Très vite sa voix chaude de contralto se fait entendre dans tout le pays, tant et si bien qu’en 1996 son second album Secret s’écoule à 8 millions d’exemplaires (en grande partie grâce à Un-Break My Heart donc, mais pas que).
Il n’en reste pas moins que Braxton en choque plus d’un en se déclarant deux ans plus tard en faillite.
À sa décharge elle prétend n’avoir reçu qu’un petit chèque de 1 972 dollars une fois les avances de sa maison de disques déduites des misérables 33 cents par CD vendus qu’elle touchait.
Qu’à cela ne tienne, en 2000 The Heat lui permet de renflouer les caisses – He Wasn’t Man Enough à jamais dans les cœurs.
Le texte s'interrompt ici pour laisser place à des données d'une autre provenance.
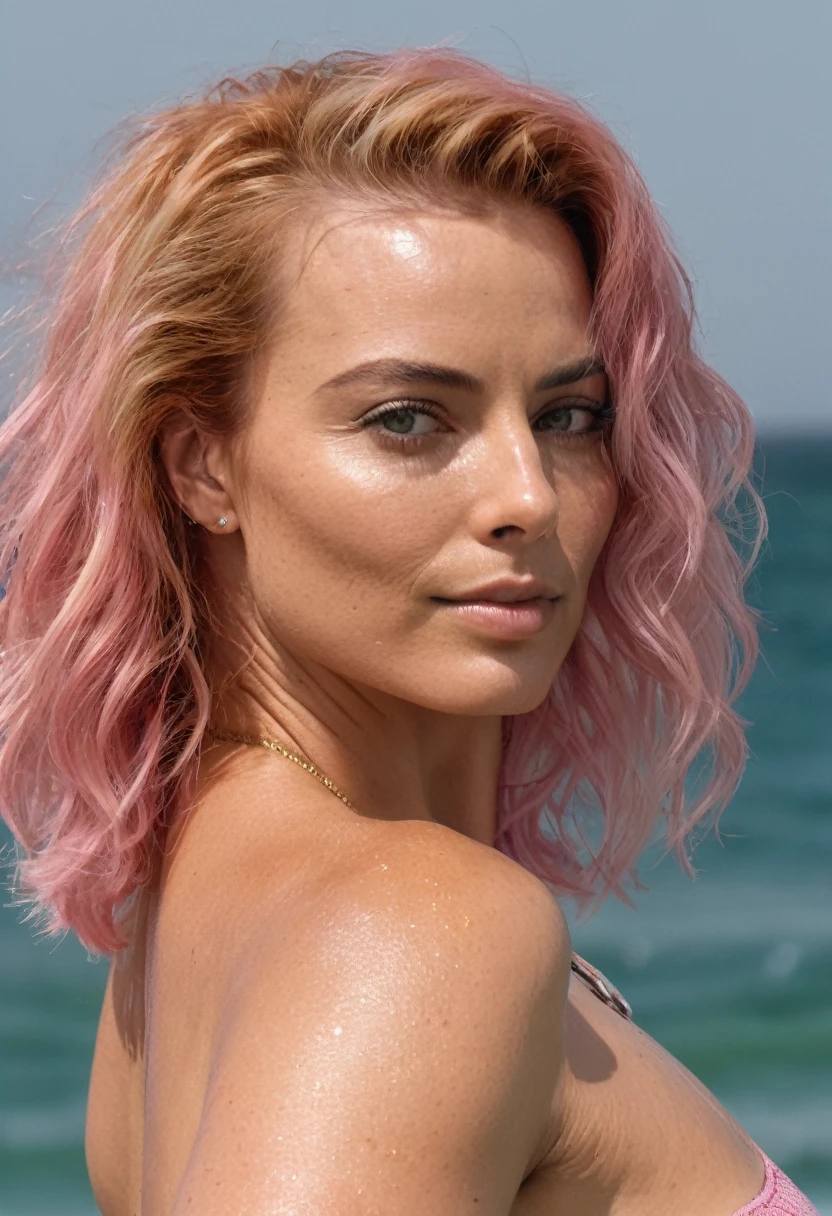  high quality   Erotic celebrity  photo , 40yo woman ( Magrot Robbie, vacation  side location  , photorealistic , celebrity , pink color curly  hair ,random click, she is wearing a wet tight rubber MARVEL logo printed shirt:1.5, woman ) sunbathing , shiny sweaty skin , sexualized move, erotic angles, sweaty  flat breas,t celebrity erotic photograph  , fit muscular figure , shiny sweaty skin, on beach,  celebrity, female,  woman, hollywood actress , fleshy muscular woman  , ( natural lights, depth of field, detailed face , insanely detailed skin texture, hyper detailed features )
Mariée en 2001, « Tony B » s’en va lorgner du côté du rap que ce soit aux côtés de Pharrell (Hit the Freeway meilleure instru ever des Neptunes ?), Dr. Dre ou Birdman (hum-hum ?), sans toutefois réussir à accrocher pleinement le train de la nouvelle génération.
En 2007 elle est ainsi programmée comme artiste résidente du Flamingo Hotel à Vegas, mais après quelques représentations elle s’effondre sur scène. Diagnostiquée du lupus (une maladie qui dérègle le système immunitaire), elle arrête toute activité pendant trois ans, quitte à se déclarer à nouveau en faillite en 2010.
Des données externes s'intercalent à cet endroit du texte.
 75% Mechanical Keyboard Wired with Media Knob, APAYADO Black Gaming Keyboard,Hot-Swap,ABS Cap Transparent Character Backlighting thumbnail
Et plutôt que de se refaire la cerise en posant pour Playboy comme elle l’envisage un temps (snif), elle préfère aller donner des concerts en Russie, flirter avec l’eurodance et s’afficher au casting d’une télé réalité en compagnie de sa mère et de ses sœurs (Braxton Family Values diffusé de 2011 à 2018).
Heureusement pour elle, en 2014 Babyface la sort de sa retraite musicale annoncée un an plus tôt avec le très bon Love, Marriage & Divorce.
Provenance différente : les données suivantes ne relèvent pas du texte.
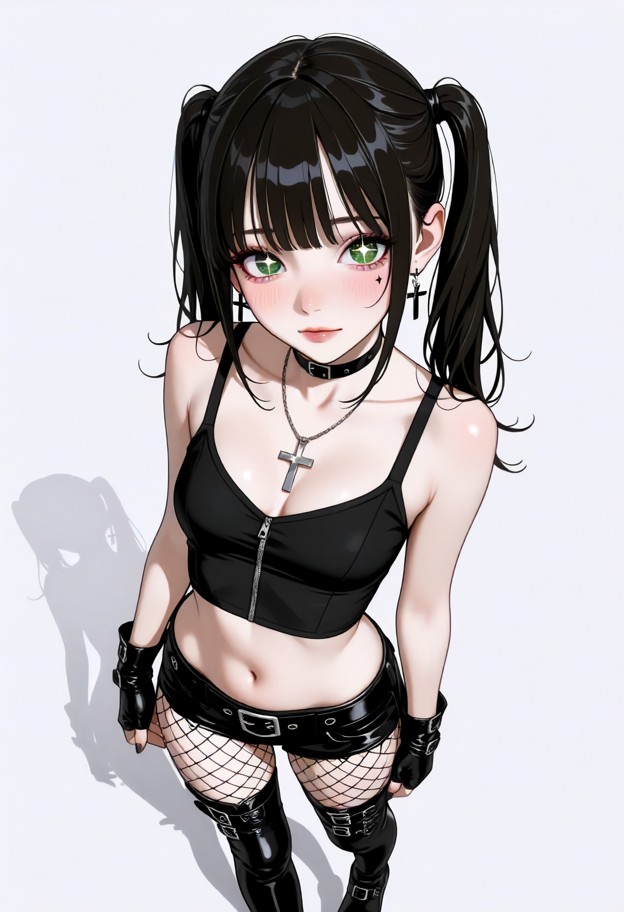 she is standing and looking at viewer,black shirt,crop top,black shorts,short shorts,black belt,fishnet pantyhose,thi…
Enfin, impossible de pas mentionner le couple qu’elle forme avec Birdman depuis son divorce, ne serait-ce que pour les repas de famille lunaires en sa compagnie.
En Vogue
Le chaînon manquant entre les Supreme et les Destiny’s Child.
Né en 1989 à l’initiative du duo de producteurs Denzil Foster et Thomas McElroy qui cherchent à renouer avec la tradition des girls bands des années 70, En Vogue se compose à la base de Dawn Robinson (au centre sur la photo), de l’ancienne Miss Californie Cindy Herron et de Maxine Jones, toutes recrutées lors d’une gigantesque audition.
Arrivée en retard, Terry Ellis arrive à convaincre in extremis Foster et McElroy de la rajouter au trio.
Bien leur en a pris si l’on en juge l’impressionnant rythme de croisière du groupe dans la première partie des années 90, des cinq millions d’exemplaires écoulés de l’album Funky Divas sorti en 1992 aux triomphes de leurs singles Hold On, You’re Never Gonna Get It, Free Your Mind et Don’t Let Go.
Alléchée par une carrière solo, en 1997 Robinson quitte sans crier gare ses copines alors en pleine session d’enregistrement de leur troisième album.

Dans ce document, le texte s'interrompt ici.